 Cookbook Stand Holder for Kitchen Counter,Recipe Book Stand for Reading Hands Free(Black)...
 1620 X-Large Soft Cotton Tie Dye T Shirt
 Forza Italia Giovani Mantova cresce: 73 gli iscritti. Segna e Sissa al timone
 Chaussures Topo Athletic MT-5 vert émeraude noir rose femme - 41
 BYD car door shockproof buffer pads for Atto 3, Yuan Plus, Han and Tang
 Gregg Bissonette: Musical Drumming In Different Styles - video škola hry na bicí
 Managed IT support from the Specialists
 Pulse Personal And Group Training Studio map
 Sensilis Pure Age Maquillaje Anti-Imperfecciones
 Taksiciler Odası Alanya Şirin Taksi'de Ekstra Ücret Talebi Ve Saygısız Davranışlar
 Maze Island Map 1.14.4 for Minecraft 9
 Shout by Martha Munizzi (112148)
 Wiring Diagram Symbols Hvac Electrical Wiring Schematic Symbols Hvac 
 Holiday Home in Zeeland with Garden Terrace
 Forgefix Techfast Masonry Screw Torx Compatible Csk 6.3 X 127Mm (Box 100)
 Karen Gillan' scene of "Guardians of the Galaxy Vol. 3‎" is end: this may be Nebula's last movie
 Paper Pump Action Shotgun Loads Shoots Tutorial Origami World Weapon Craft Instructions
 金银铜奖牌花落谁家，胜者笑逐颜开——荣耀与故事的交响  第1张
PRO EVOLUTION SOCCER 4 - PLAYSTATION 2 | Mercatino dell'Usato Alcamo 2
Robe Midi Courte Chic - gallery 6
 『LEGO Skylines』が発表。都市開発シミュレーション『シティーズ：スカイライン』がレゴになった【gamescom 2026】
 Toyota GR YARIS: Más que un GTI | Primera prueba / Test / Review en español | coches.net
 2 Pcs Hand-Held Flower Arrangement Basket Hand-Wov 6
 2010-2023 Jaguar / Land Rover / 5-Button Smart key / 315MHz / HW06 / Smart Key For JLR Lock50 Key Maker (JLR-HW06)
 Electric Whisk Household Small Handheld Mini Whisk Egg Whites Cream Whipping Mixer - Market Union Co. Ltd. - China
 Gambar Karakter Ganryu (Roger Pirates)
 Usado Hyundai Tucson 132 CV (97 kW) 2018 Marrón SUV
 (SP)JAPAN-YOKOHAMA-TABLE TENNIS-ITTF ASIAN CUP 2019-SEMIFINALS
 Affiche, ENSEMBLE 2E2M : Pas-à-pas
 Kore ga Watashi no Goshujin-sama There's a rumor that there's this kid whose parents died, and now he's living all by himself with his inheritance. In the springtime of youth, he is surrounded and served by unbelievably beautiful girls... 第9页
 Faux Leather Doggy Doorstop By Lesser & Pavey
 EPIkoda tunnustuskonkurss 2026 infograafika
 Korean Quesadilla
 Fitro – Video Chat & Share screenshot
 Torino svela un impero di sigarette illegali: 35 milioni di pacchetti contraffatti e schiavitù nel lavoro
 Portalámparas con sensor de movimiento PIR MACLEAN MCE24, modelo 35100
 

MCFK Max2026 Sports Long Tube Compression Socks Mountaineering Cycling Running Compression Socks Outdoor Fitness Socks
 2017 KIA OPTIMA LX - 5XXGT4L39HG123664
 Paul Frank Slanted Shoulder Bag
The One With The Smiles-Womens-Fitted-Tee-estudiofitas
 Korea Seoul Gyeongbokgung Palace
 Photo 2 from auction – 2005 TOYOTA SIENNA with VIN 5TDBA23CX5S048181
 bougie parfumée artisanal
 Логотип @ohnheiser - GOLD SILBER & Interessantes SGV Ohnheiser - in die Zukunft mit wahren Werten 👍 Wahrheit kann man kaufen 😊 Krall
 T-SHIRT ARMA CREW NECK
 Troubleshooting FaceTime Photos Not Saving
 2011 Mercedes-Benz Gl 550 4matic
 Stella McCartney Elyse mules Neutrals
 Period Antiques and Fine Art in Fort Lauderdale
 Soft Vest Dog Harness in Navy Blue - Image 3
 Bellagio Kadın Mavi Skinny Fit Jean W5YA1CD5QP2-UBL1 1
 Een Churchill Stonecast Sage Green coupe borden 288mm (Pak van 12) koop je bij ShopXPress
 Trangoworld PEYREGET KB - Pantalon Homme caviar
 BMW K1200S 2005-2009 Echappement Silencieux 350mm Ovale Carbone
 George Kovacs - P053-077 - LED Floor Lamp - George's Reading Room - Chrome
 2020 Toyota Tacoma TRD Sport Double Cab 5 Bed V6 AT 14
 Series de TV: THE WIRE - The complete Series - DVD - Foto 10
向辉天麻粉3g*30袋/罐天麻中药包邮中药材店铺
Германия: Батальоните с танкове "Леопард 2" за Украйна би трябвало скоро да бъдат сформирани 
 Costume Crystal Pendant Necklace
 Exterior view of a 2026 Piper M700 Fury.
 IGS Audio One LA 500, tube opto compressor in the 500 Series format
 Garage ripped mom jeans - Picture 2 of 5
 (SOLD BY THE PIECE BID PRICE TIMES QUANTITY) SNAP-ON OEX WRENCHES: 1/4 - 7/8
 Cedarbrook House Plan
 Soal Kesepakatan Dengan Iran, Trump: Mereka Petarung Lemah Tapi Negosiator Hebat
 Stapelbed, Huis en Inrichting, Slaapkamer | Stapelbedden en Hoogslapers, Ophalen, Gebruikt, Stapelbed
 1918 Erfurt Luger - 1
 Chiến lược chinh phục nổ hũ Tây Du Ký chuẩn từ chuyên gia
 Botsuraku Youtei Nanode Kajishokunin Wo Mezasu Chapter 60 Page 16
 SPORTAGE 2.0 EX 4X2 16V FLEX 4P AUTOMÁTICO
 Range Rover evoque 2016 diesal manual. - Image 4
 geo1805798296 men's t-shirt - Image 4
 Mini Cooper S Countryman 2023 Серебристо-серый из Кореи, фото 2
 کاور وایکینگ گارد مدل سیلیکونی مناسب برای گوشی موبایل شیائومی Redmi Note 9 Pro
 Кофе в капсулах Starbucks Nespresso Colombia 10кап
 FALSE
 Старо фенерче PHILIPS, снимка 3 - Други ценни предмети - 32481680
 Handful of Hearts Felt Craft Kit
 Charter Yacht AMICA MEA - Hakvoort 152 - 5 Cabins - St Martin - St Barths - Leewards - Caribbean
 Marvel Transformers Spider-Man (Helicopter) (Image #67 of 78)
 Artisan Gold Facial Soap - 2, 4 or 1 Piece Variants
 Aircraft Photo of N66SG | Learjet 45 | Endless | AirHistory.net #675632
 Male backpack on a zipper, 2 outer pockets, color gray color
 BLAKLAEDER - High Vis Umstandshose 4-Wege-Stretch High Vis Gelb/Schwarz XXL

________

◆ **Task directions**: The lines to reproduce run from the line containing "Costume Crystal Pendant Necklace" to the end of the listing; write them out exactly and add nothing.

◆ **Task answer**:
 Costume Crystal Pendant Necklace
 Exterior view of a 2026 Piper M700 Fury.
 IGS Audio One LA 500, tube opto compressor in the 500 Series format
 Garage ripped mom jeans - Picture 2 of 5
 (SOLD BY THE PIECE BID PRICE TIMES QUANTITY) SNAP-ON OEX WRENCHES: 1/4 - 7/8
 Cedarbrook House Plan
 Soal Kesepakatan Dengan Iran, Trump: Mereka Petarung Lemah Tapi Negosiator Hebat
 Stapelbed, Huis en Inrichting, Slaapkamer | Stapelbedden en Hoogslapers, Ophalen, Gebruikt, Stapelbed
 1918 Erfurt Luger - 1
 Chiến lược chinh phục nổ hũ Tây Du Ký chuẩn từ chuyên gia
 Botsuraku Youtei Nanode Kajishokunin Wo Mezasu Chapter 60 Page 16
 SPORTAGE 2.0 EX 4X2 16V FLEX 4P AUTOMÁTICO
 Range Rover evoque 2016 diesal manual. - Image 4
 geo1805798296 men's t-shirt - Image 4
 Mini Cooper S Countryman 2023 Серебристо-серый из Кореи, фото 2
 کاور وایکینگ گارد مدل سیلیکونی مناسب برای گوشی موبایل شیائومی Redmi Note 9 Pro
 Кофе в капсулах Starbucks Nespresso Colombia 10кап
 FALSE
 Старо фенерче PHILIPS, снимка 3 - Други ценни предмети - 32481680
 Handful of Hearts Felt Craft Kit
 Charter Yacht AMICA MEA - Hakvoort 152 - 5 Cabins - St Martin - St Barths - Leewards - Caribbean
 Marvel Transformers Spider-Man (Helicopter) (Image #67 of 78)
 Artisan Gold Facial Soap - 2, 4 or 1 Piece Variants
 Aircraft Photo of N66SG | Learjet 45 | Endless | AirHistory.net #675632
 Male backpack on a zipper, 2 outer pockets, color gray color
 BLAKLAEDER - High Vis Umstandshose 4-Wege-Stretch High Vis Gelb/Schwarz XXL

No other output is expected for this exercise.